One thing I didn't find at the recent Design Automation Conference (DAC) was much activity in system-level design. We've heard for years that the move beyond register transfer level (RTL) is coming-but we just can't seem to get there from here.
Seems to me I've been writing about system-level design ever since I started covering the electronic design automation industry in 1985. I still remember a company called Endot that had a system-level language in those days. It didn't get far. And then there was Silc, a company that had a behavioral logic synthesis tool with a Lisp-like language. It was about 20 years ahead of its time, and it soon vanished.
Moving into the 1990s, Redwood Design Automation came forth with what it claimed to be a new, post-RTL design paradigm shift. A few years later, Cadence Design Systems Inc. bought what remained of that company. The Behavioral Compiler from Synopsys Inc. was touted as a revolutionary breakthrough when it was rolled out, but it's turned into a niche tool used by a small group of adherents.
And then, in the mid-1990s, something called ESDA was all the rage. Can you remember what ESDA stood for? If not, see the end of this column.
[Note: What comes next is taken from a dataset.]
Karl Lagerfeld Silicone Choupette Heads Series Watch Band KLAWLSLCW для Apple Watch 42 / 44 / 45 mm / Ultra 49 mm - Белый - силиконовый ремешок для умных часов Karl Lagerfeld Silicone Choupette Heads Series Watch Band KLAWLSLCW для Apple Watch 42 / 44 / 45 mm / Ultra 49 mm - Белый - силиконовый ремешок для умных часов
A couple of years ago, there was considerable publicity and debate about C-language design. Synopsys and CoWare Inc. started the Open SystemC Initiative, and there were a number of panels at which supporters talked about C-language design as the next great thing, while chip designers talked about how much they hated it.
DAC was quiet this year on the system-level front. CoWare announced some upgrades, and startup Novilit Inc. offered its AnyWare product for communications protocols, but the fanfare just wasn't there. The C-language design panels seem to be a thing of the past.
So why can't we ever seem to get beyond RTL? Perhaps we've been looking in the wrong place. I think the move beyond RTL will happen not in design, but in verification. We have already seen how languages like Vera and "e" have raised the abstraction level, and now it appears that assertion-based design will become a significant and widely used technology.
The best chance for easing beyond RTL is the new SystemVerilog 3.0 standard, with its support for assertions, C/C++ data types and a high-level "interface" construct.
Oh, yes. ESDA stood for Electronic System Design Automation. Now, how many ESDA companies can you name, and where are they now?